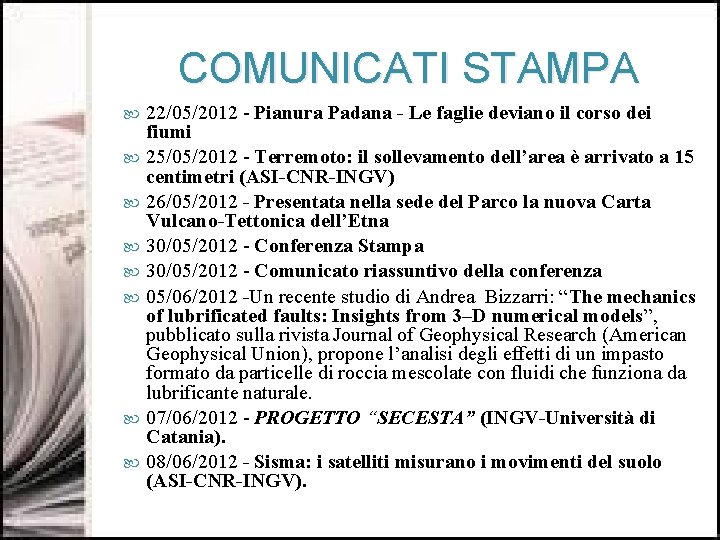 COMUNICATI STAMPA 22/05/2012 - Pianura Padana - Le faglie deviano il corso dei fiumi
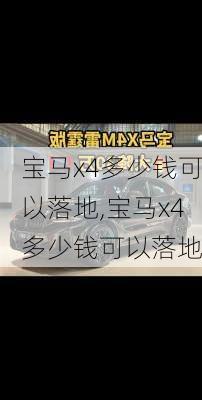 宝马x4多少钱可以落地,宝马x4多少钱可以落地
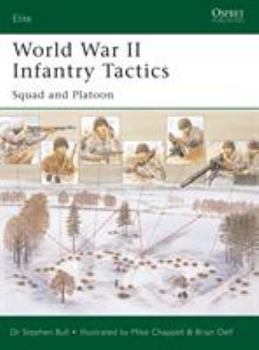 World War II Infantry Tactics: Squad and Platoon - Book #105 of the Osprey Elite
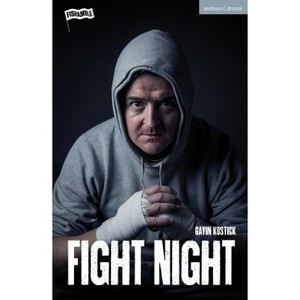 Fight Night - (Modern Plays) by  Gavin Kostick (Paperback) - 1 of 1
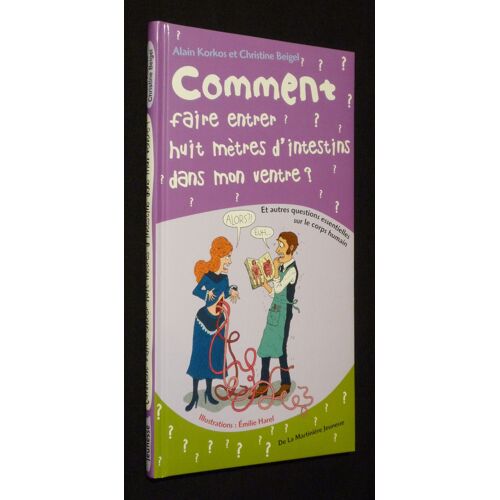 Comment Faire Entrer Huit Mètres D'intestins Dans Mon Ventre, Et Autres Questions Essentielles Sur Le Corps Humain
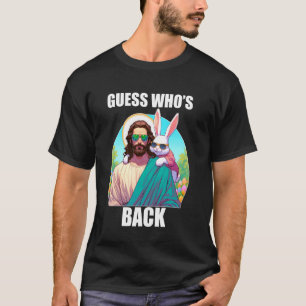 Guess Who's Back Jesus Funny Easter Ressurection C T-Shirt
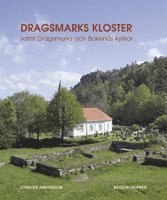 Dragsmarks kloster samt Dragsmarks och Bokens kyrkor eller "Liten lrobok i konsten att g till kllan i stllet fr i fllan"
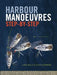 Harbour Manoeuvres Step-by-Step by Lars Bolle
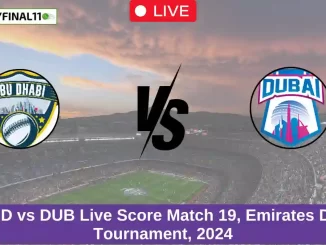 ABD vs DUB Live Score Match 19, Emirates D10 Tournament, 2024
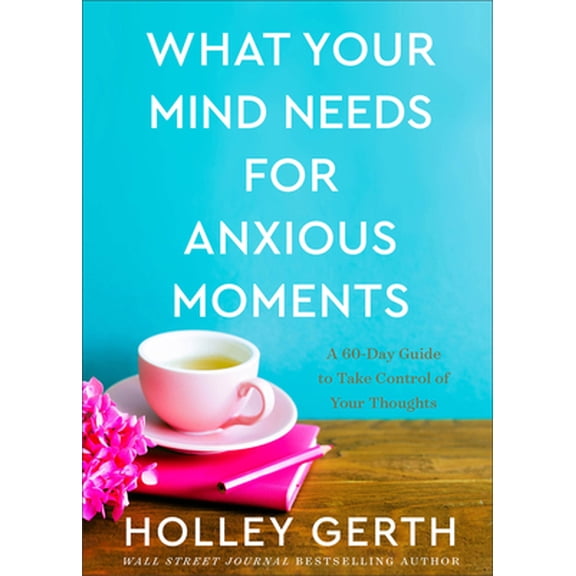Pre-Owned What Your Mind Needs for Anxious Moments: A 60-Day Guide to Take Control of Your Thoughts (Hardcover) 0800738543 9780800738549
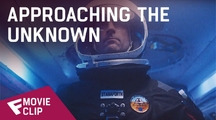 Approaching the Unknown - Movie Clip (welcome to space) | Fandíme filmu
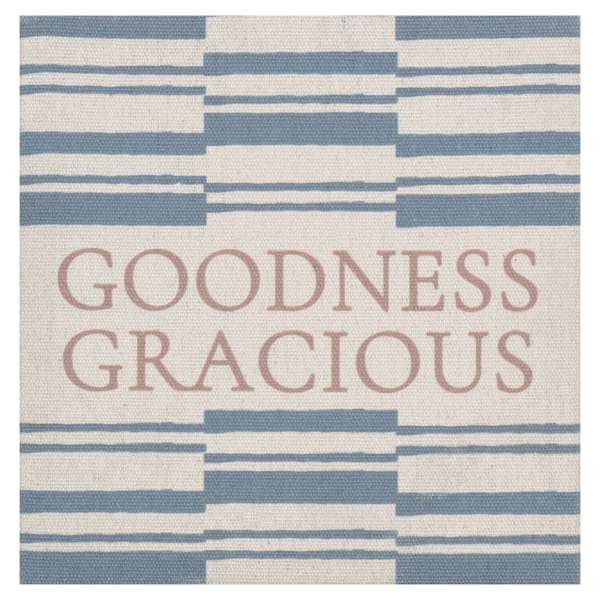Goodness Gracious Sign, 8"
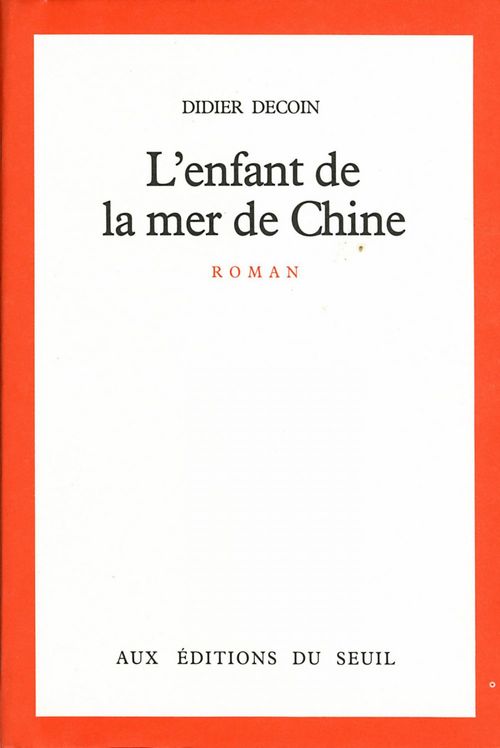 Couverture ebook de L'Enfant de la mer de Chine, de Didier Decoin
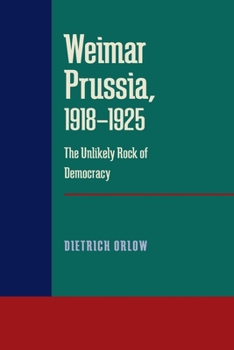 Paperback Weimar Prussia, 1918-1925: The Unlikely Rock of Democracy Book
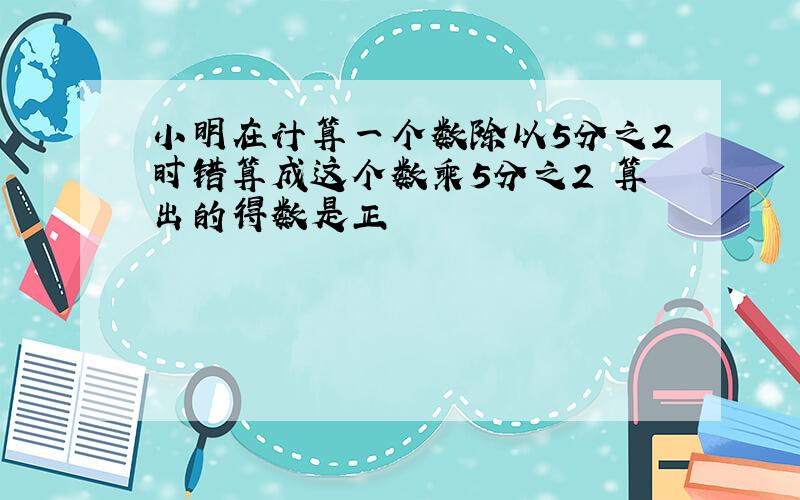 小明在计算一个数除以5分之2时错算成这个数乘5分之2 算出的得数是正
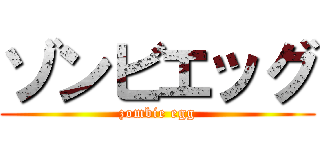 ゾンビエッグ (zombie egg)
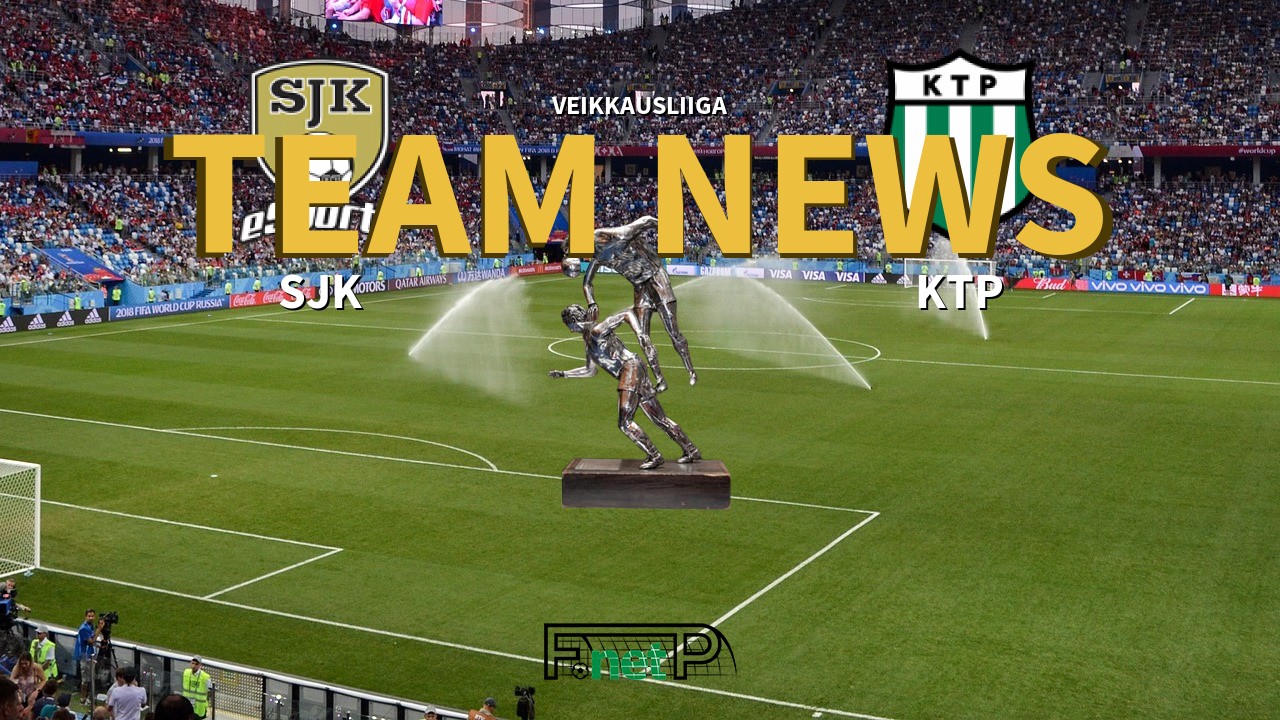 Veikkausliiga News: SJK vs KTP Confirmed Line-ups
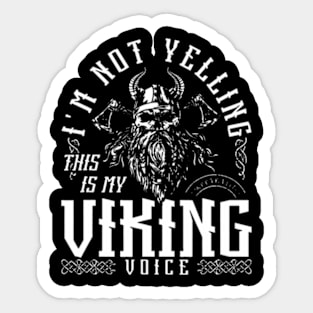 Im Not Yelling This Is My Viking Voice North Myth Vikings Sticker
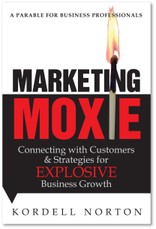 Marketing Moxie - Connecting with Customers and Strategies for Explosive Business Growth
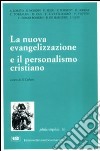 La nuova evangelizzazione e il personalismo cristiano libro di Lobato Abelardo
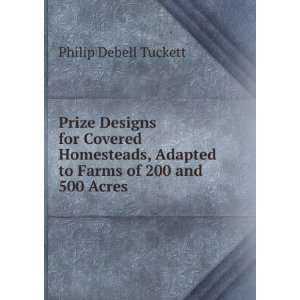   , Adapted to Farms of 200 and 500 Acres Philip Debell Tuckett Books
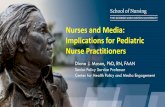 Nurses and Media: Implications for Pediatric Nurse ... · Health Journalists’ Experiences with Using Nurses as Sources American Journal of Nursing, October 2018 •Diana J. Mason,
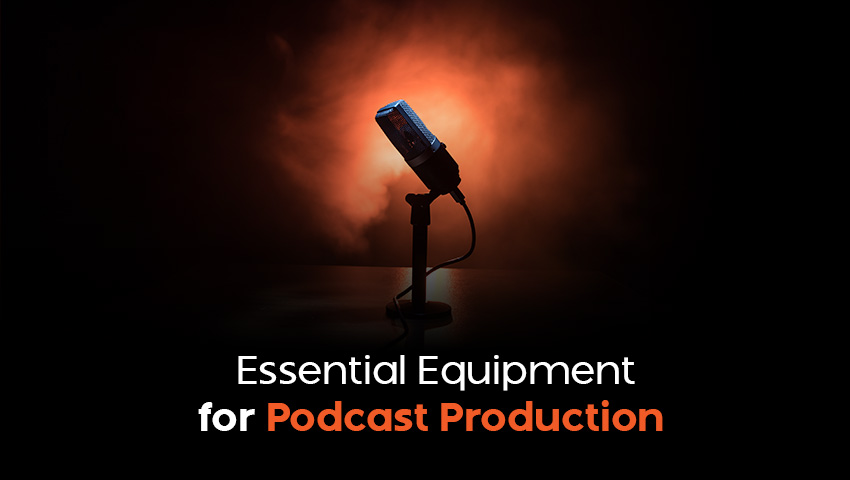 Essential Equipment for Podcast Production: A Comprehensive Guide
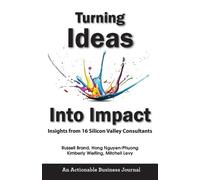 Russell Brand Hong Nguyen-Phuong Kimberly Wief Turning Ideas Into Im (Tascabile)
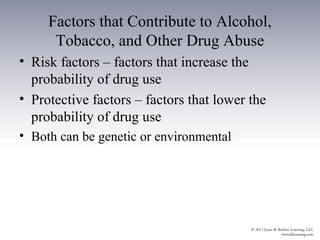 Factors that Contribute to Alcohol,
      Tobacco, and Other Drug Abuse
• Risk factors – factors that increase the
  probability of drug use
• Protective factors – factors that lower the
  probability of drug use
• Both can be genetic or environmental
 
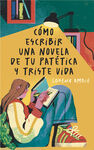 COMO ESCRIBIR UNA NOVELA DE TU PATÉTICA Y TRISTE VIDA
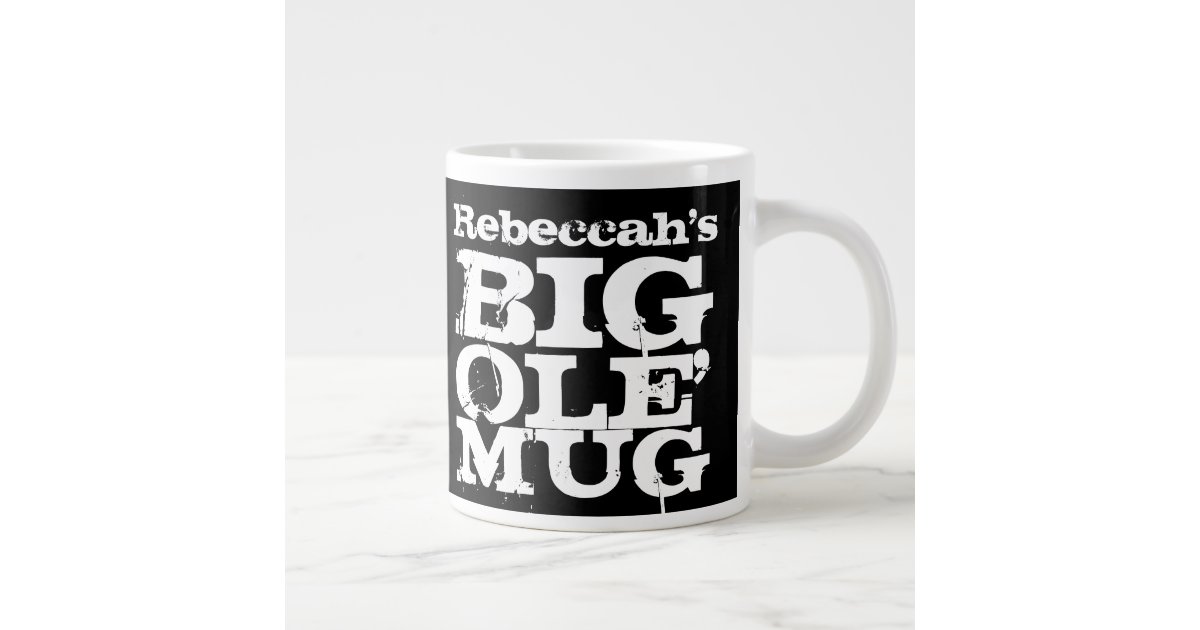 YOUR NAME Big Ole' Mug, Giant Jumbo Coffee Mug | Zazzle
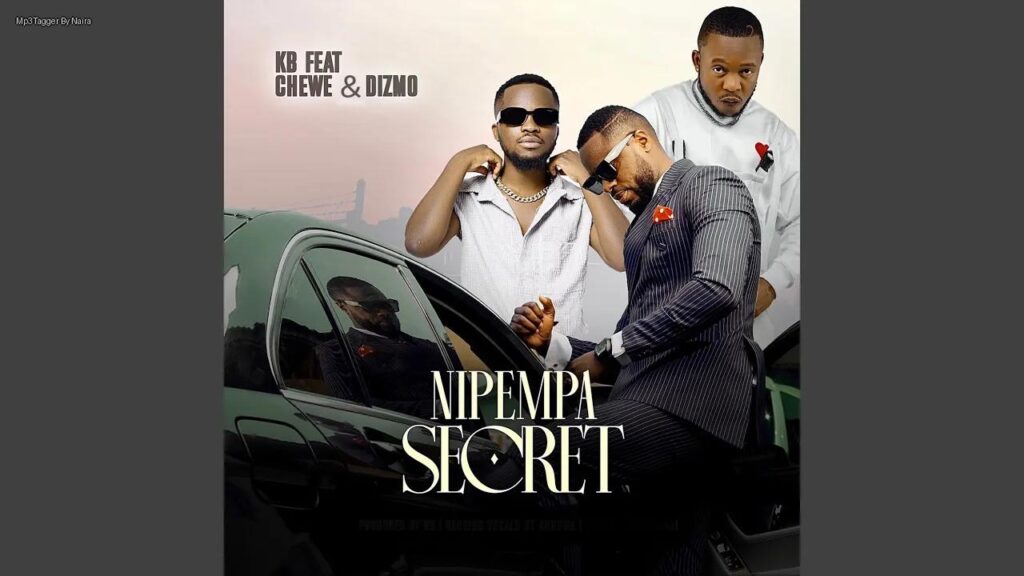 Kb Ft. Chewe, Dizmo – Nipempa Secret | Download Mp3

■ ■ ■

Excerpt from the records above: set down only the lines from the one that contains "Dragsmarks kloster samt" through the one that contains "ABD vs DUB Live", inclusive, word for word. Pictures stay out.

* EXERCISE RESPONSE
 Dragsmarks kloster samt Dragsmarks och Bokens kyrkor eller "Liten lrobok i konsten att g till kllan i stllet fr i fllan"
 Harbour Manoeuvres Step-by-Step by Lars Bolle
 ABD vs DUB Live Score Match 19, Emirates D10 Tournament, 2024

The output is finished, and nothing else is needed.